Sampling with Replacement
A question popped up in my mind after finished reading the 1st point. So basically, we’re doing random under-sampling in which the ratio of minority and majority class is 1:1. By bootstrapping, it simply means that we take some random samples with replacement. However, one thing to note here is when the number of minority class is much less than the number of majority class, e.g. 1:100000, we won’t need to do bootstrapping at all (just take all the minority instances).
Then, I got confused by the 2nd statement on the same point. As you can see, it states that we need to do sampling on the majority class with replacement as well. For those who don’t know yet about sampling with or without replacement, the concept is greatly simple. Sampling with replacement means that after you fetched a sample from a data pool, you put it back to the pool. Consequently, the probability of drawing a sample at a certain point of time is independent from the previous drawing. Vice versa, sampling without replacement simply means that we don’t put the sample back to the pool. In other words, the probability of drawing a sample changes at every point of drawing time.

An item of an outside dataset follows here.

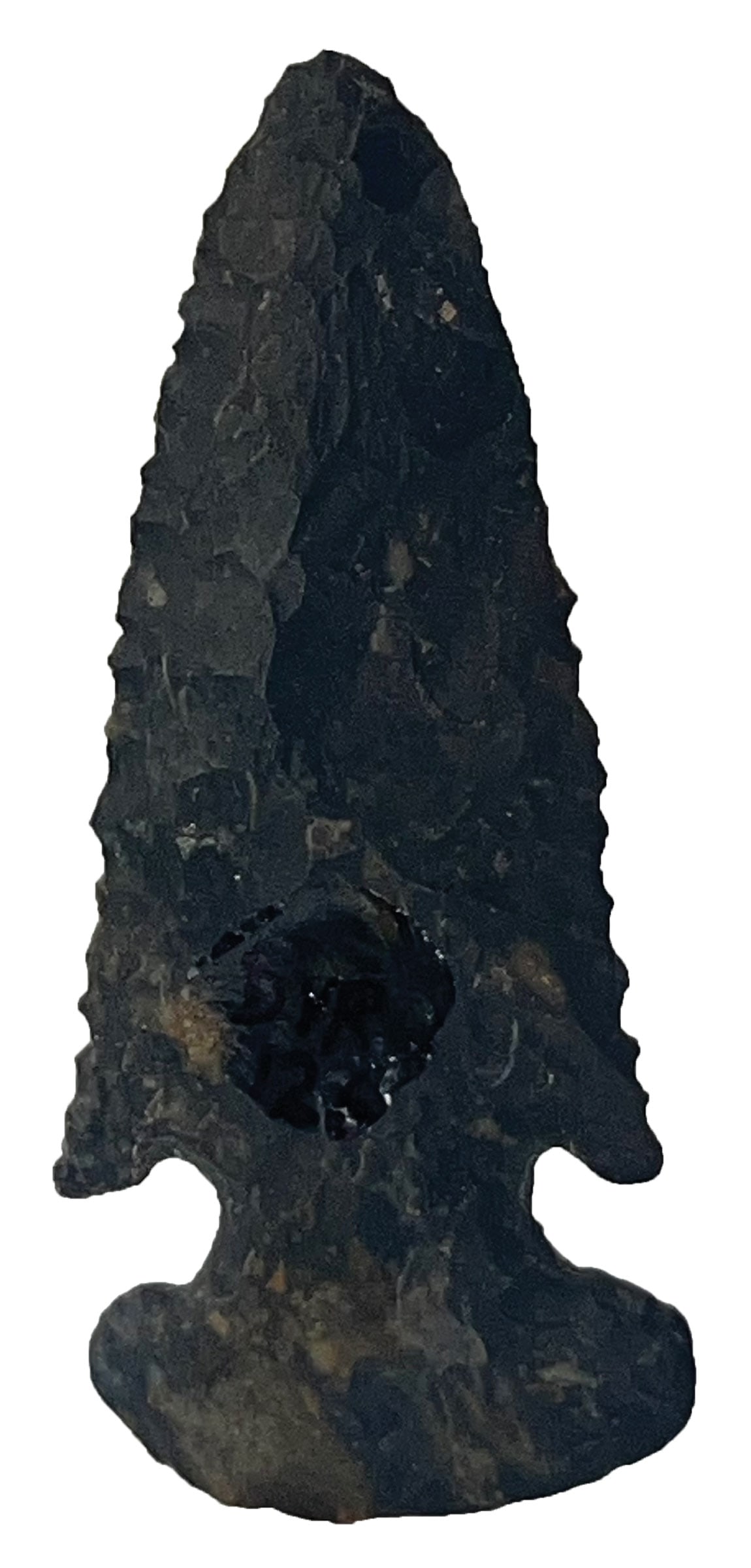 3 3/8" Thebes Point. Mercer Chert. OH. Davis and Rogers COAs. (1 of 4)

Back to the topic. By sampling with replacement, the consequence is very evident. Yup, the sampled data might contain duplicates. I’m still not sure with my own hypothesis, though. Probably my understanding is less accurate which means that what the author means by with replacement here might be different from my perspective. What do you think?

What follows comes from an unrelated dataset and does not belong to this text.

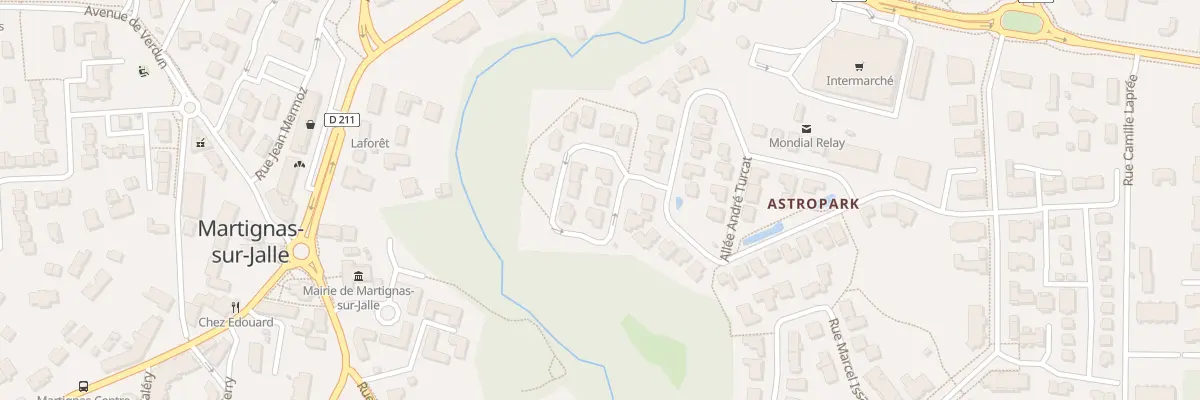 Plan du 12 Rue Maryse Bastié à Martignas-sur-Jalle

I was going to implement this algorithm using PySpark, yet the 2nd point made me thinking a little bit deeper. I thought that Spark ML’s Decision Tree Classifier has a parameter for specifying the number of features used to select the best split at each node. But after searching through some references online, I didn’t manage to find it. Unlike on Random Forest Classifier where we can specify the number of features via a param called featureSubsetStrategy, I didn’t find the same thing on Decision Tree Classifier.
Well, I think it’s funny because BRF implementation should use Decision Tree class at its core. To handle such a case, we could still use Random Forest by modifying its behavior such that it acts like a common decision tree. For instance, for each tree induction, we can set the number of trees to 1, impurity=gini, subsamplingrate=1, etc. What do you think?
So, what do you think? Any suggestion? And CMIIW.